Published Dec. 10, 2018, 6:00 a.m. ET

With one million properties and limited staff, New York City needs to be selective about the buildings it inspects for fire risk. So it relies heavily on data — including on past fires and building traits — to choose.

Chicago uses data to identify which children are most at risk of lead poisoning and how officials could intervene.

And in Philadelphia, Mayor Kenney’s administration has emphasized evidence-based decision-making. Last year, the city launched GovLabPHL, a multi-agency collaboration that uses studies of human behavior to shape how the city interacts with residents.

Municipal records are now digitized and easier to share among departments, so Philadelphia and other cities are centralizing data that agencies historically kept to themselves.

But as governments increasingly use that data to operate more efficiently, researchers and analysts caution that computer-based decision-making isn’t perfect and must be used with discretion.

In 2016, a ProPublica investigation explained how software used across the country to predict future criminal behavior was biased against black people. In a data analysis of a Florida county, the software falsely labeled black defendants as likely to re-offend at nearly twice the rate it did for white defendants. The same year, the Seattle Times reported on a flaw in LinkedIn’s search feature that suggested male names when users searched for female names.

“Data science is here to stay. It holds tremendous promise to improve things,” said Julia Stoyanovich, an assistant professor at New York University and former assistant professor in ethical data management at Drexel University. But policymakers, she said, need to use it responsibly.

“The first thing we need to teach people is to be skeptical about technology,” she said.

Data-review boards, toolkits, and software that cities, universities, and data analysts are starting to develop are steps in the right direction to spur policymakers to think critically about data, researchers said.

Philadelphia is setting standards for its departments' data collection and quality. Mark Wheeler, Philadelphia’s chief information officer in the Office of Innovation and Technology, said hearing Stoyanovich speak at a seminar this spring was “eye-opening" and helped inform the city’s current job listing for its next chief data officer.

How do municipal governments use data to make decisions?

Governments have long been using data and algorithms — series of instructions a human can give to a computing program, also called automated decision systems — mostly for “counting” tasks, such as processing payroll and tracking 311 calls. But in recent years, governments have started to use data and algorithms to deliver services, said Rayid Ghani, director of the Center for Data Science and Public Policy at the University of Chicago.

New York uses taxi trip data to decide how to regulate the fleet. Mapping data tell first responders the fastest ways to get to an emergency.

Philadelphia’s litter index maps trash hot spots to spur cleanups.

Philadelphia police analyzed data to launch a youth “diversion” program, in which students are often placed in after-school programs instead of jails for certain low-level crimes. In the first year, student arrests dropped by half.

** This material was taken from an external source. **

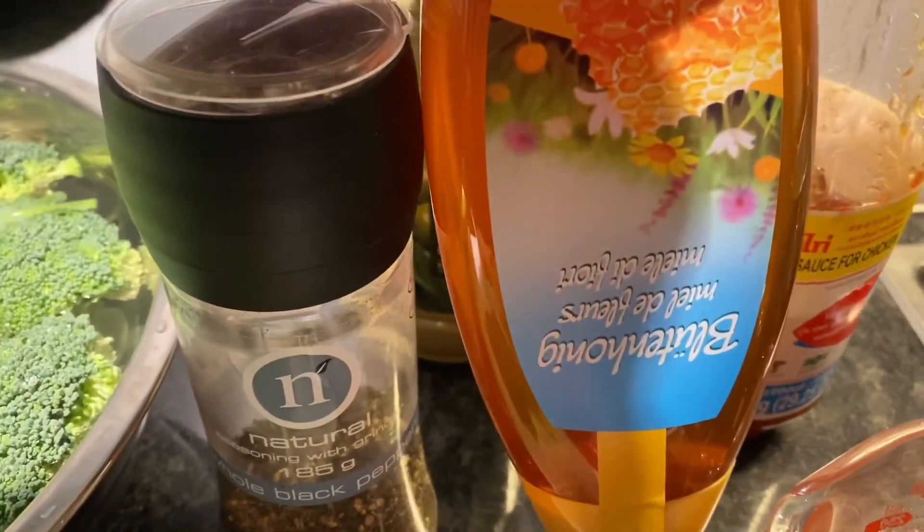Set aside the broccoli and start cooking the meat. Put 4 tablespoons of olive oil in the pan and spread out the meat evenly, making sure that all the meat touches the bottom of the pan. I usually start with a high temperature, and then after I laid out all the meat, I turn it down to medium-high so it doesn't burn the meat.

During the administration of Charles H. Ramsey, Police Commissioner Richard Ross’ predecessor, the department realized it could use data for more than crime analysis and statistics when it tested the effect of foot patrols and saw a drop in crime, said Kevin Thomas, the Police Department’s director of research and analysis.

The department considered buying predictive algorithm software and tested a program that suggested where to put patrol vehicles, but officials didn’t see results, Thomas said. Such tools have not added value beyond what the department’s analytical teams can provide, he said.

“It’s not that I believe there is no place for" artificial intelligence, Thomas said. "What we’ve examined so far has been underwhelming in terms of applications toward crime incidents.”

How can data use go wrong?

“I think there is a lot of goodwill on the side of city government to try their best to use data responsibly," Stoyanovich said. "But these problems are very challenging.”

For example, data collected for one purpose may throw off results if used for a different purpose. Despite conventional wisdom, having more data doesn’t necessarily mean better outcomes. Policymakers need quality and the right type of data.

While efficiency is often the goal for municipal officials pushing for data-based decision-making, Ghani said, “it sometimes leads to disproportionate impact for different types of people.”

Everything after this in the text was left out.